— Given entries —
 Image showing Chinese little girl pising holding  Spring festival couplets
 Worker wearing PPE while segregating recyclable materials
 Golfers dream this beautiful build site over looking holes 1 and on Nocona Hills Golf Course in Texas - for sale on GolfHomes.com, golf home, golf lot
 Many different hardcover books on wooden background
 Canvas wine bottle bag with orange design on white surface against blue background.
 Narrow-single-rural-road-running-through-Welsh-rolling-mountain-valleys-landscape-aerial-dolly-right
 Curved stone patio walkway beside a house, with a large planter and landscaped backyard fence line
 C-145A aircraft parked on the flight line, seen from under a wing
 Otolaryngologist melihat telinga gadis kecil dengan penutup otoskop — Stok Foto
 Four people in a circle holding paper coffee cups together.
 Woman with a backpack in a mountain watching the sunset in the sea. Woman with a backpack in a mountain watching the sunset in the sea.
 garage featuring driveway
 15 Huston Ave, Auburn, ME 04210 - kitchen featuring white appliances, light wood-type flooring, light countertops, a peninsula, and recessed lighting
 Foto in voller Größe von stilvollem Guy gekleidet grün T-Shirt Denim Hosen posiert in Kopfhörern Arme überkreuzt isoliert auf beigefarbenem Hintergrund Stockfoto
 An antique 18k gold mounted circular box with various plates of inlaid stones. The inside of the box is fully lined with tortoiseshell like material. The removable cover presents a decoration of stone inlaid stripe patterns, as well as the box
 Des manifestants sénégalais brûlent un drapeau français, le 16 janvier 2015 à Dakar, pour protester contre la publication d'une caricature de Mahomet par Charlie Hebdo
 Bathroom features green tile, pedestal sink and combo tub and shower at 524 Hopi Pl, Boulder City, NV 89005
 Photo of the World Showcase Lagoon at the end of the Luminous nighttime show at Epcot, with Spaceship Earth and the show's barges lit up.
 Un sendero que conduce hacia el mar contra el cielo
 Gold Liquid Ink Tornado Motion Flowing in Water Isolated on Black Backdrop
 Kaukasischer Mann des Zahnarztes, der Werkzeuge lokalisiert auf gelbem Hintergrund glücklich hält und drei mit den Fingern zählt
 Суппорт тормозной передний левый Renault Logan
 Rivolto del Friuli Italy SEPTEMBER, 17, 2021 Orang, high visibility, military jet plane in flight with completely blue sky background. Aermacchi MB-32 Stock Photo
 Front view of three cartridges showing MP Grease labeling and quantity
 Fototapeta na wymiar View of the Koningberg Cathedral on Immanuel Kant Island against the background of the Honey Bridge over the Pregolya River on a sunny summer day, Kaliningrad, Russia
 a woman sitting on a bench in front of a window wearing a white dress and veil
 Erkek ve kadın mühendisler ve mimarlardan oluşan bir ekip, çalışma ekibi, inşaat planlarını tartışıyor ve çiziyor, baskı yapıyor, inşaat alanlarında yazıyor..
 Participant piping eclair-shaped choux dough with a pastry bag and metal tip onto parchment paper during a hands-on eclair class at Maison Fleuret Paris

— Work instructions —
Look over the records. Copy the lines that include the word "against".

— Problem solution —
 Canvas wine bottle bag with orange design on white surface against blue background.
 Fototapeta na wymiar View of the Koningberg Cathedral on Immanuel Kant Island against the background of the Honey Bridge over the Pregolya River on a sunny summer day, Kaliningrad, Russia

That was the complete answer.